4.

Así fue pasando el tiempo, entre estaciones marcadas, estados de ánimo aletargados, alimentaciones para niños y cierta predisposición a tomar conciencia de la nada que invadía las oportunidades históricas. Como si fuera verdad que todo fuera mentira.

En Madrid, Ulises Segura Baldrich iba creciendo. Era dócil, glotón y, como la genética no falla, gastaba un desparpajo verbal de aquí te espero. Unos carnavales sus padres lo disfrazaron de Spiderman, lo sacaron a la calle y lo fotografiaron conmigo. Abandonó la guardería y empezó a ir a un colegio, a párvulos. Entre los tres nos turnábamos para llevarlo y recogerlo. Empezamos a tratar al mundo con paciencia. También constatamos los delirios por estrés de Nati, que empezaba a estar cansada de tanta tele y de los cambios en las actitudes de la gente. A menudo insistía en repetir lo mucho que se arrepentía de no haber estudiado Farmacia, y que algún día lo haría. En esos días se llevó a cabo la venta de la pajarería Segura por parte del padre de Roger, quien aprovechó que se jubilaba para vender su porcentaje del negocio al socio, y ceder una parte muy sustanciosa de lo recaudado a su hijo, quien, de buenas a primeras, se vio con dinero y con tiempo libre.

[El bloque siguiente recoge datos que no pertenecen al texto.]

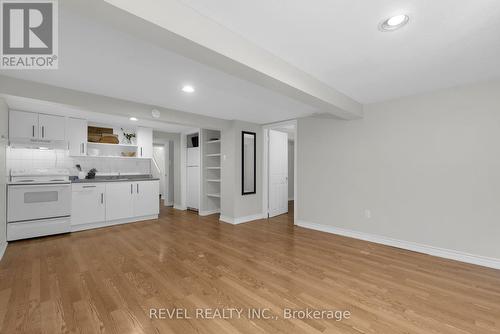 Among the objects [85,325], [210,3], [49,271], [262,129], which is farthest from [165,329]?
[262,129]

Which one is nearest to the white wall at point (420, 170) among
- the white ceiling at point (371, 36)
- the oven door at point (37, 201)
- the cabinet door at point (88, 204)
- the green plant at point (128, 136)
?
the white ceiling at point (371, 36)

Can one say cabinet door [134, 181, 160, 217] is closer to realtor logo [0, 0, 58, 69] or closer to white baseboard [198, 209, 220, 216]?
white baseboard [198, 209, 220, 216]

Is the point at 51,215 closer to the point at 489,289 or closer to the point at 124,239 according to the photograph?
the point at 124,239

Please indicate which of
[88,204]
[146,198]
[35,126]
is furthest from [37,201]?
[146,198]

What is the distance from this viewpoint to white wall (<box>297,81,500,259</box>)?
2.75 metres

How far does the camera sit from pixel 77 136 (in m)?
4.52

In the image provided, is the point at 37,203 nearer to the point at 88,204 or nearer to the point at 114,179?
the point at 88,204

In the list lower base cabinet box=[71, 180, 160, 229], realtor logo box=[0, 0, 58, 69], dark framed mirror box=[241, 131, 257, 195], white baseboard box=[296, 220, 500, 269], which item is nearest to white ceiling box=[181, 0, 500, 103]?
realtor logo box=[0, 0, 58, 69]

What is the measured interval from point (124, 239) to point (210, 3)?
3731mm

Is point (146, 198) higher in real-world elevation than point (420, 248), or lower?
higher

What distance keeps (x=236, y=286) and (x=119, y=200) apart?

Definitivamente se había terminado nuestra juventud. Y no era cosa de la edad, que eso es lo de menos. Era cuestión de mente. Lo que habíamos vivido ya no lo teníamos y no había manera de recuperarlo. Quedaban momentos en la memoria, la realidad de lo fugaz. Nada evidente, ni siquiera canjeable. Se tuvo conciencia de ello cuando una tarde, en la casa de Ópera, después de varios silencios dejamos a medias un parchís, y Roger nos confesó que el dinero que había recibido por el traspaso de la pajarería, lejos de tratar de realizar alguno de sus sueños, pensaba utilizarlo de manera inteligente.

—Lo que tenemos que hacer es invertir.

No había oído nunca aquella palabra en boca de mis amigos. De hecho desconocía el verdadero significado de aquel verbo, pues no sabía a ciencia cierta cómo se llevaba a cabo la acción que encarnaba.

No pude evitar vislumbrar, en el inicio de mis recuerdos con ellos, a Roger Segura en la barra de La Vía Láctea, preguntándome con aquella mirada desorbitada: «Y tú qué, ¿estudias o diseñas?», puesto de dexedrina y cogiendo sin pedir permiso uno de mis cigarros.

Se acabó la inocencia.

Y llegaron los problemas. A finales de año, después de un montón de discusiones, de polvos a destiempo, de cálculos deshonestos, de faltas de respeto, de insultos, de lágrimas, de reproches, Nati y Roger decidieron darse un tiempo. Ese tiempo les fue dando espacio, tanto que al mes siguiente se separaron. Nada les quedó que no les doliera. Roger había invertido comprando el piso de ópera y unas cuantas plazas de parking en Santo Domingo. Así que Nati, por lo pronto, se vino a vivir conmigo, aquí, a Rodríguez San Pedro, con Ulises. Desde hacía unos meses yo había podido deshacerme de los compañeros de piso y empezaba a asumir el coste total del alquiler, por lo que el piso, con tres habitaciones, era suficiente para nosotros.

En medio de todo aquel desconcierto, de tanto dolor de cajas y cuadros, y repartos de fotografías que se quejaban y cuyos rostros, a veces, parecían estar a punto de llorar, en medio de citas para devolver llaves y para pasarse a Ulises, nos llegó la noticia que hizo que Nati se replanteara su vida.

Pero antes acabamos con la mudanza. Lo que iba a ser temporal se fue convirtiendo en permanente. Al principio se venían para una semana. Al cabo de esa semana se empezaron a instalar y ya no pude pensar en vivir sin ellos. Roger también ayudó a traer cajas. Era una situación cargada de imágenes que, por el dolor que contenían, parecían patéticas.